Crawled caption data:

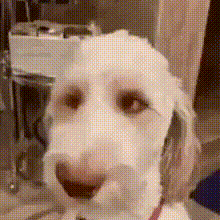 a close up of a white dog with foam on its face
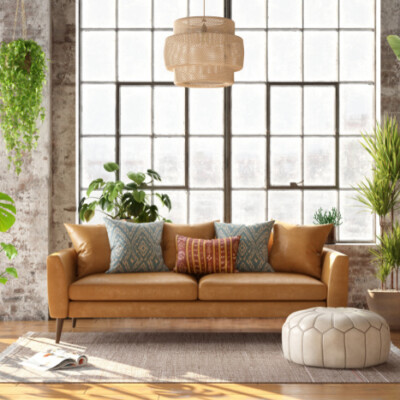 Trending Indoor Plants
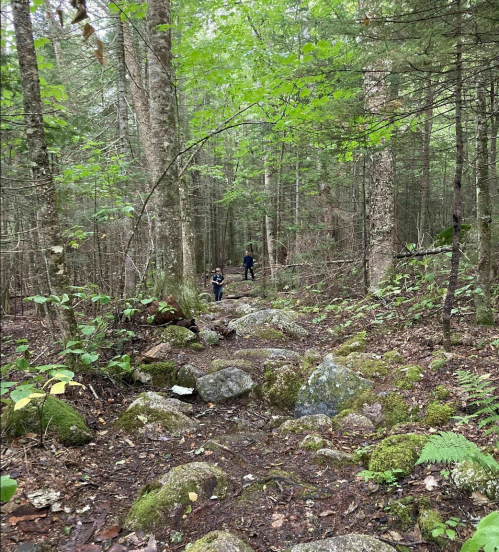 Two hikers navigate a rocky trail through a lush, green forest.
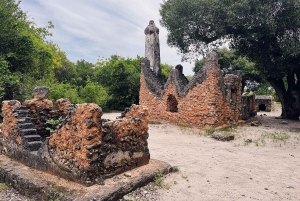 Kunduchi: esperienza di immersione tra i pescatori con guida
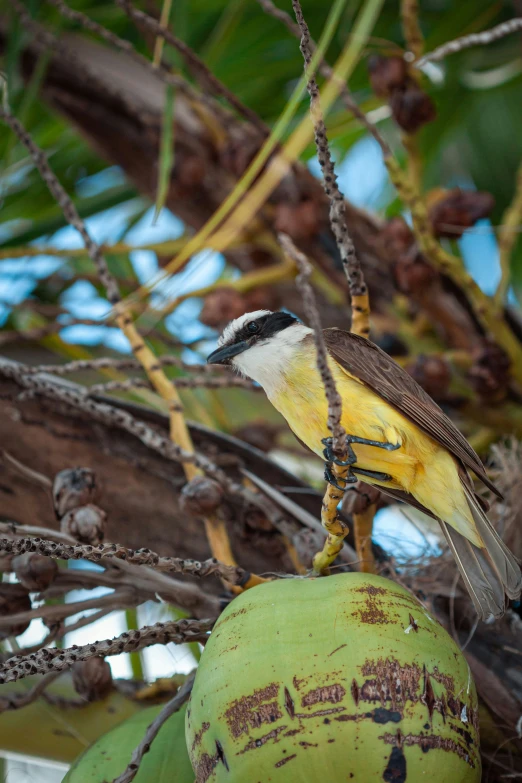 small yellow and black bird sitting on a fruit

**EXERCISE:** Reproduce each line of the records exactly, omitting any picture.

**RESULT FOR THIS EXERCISE:**
 a close up of a white dog with foam on its face
 Trending Indoor Plants
 Two hikers navigate a rocky trail through a lush, green forest.
 Kunduchi: esperienza di immersione tra i pescatori con guida
 small yellow and black bird sitting on a fruit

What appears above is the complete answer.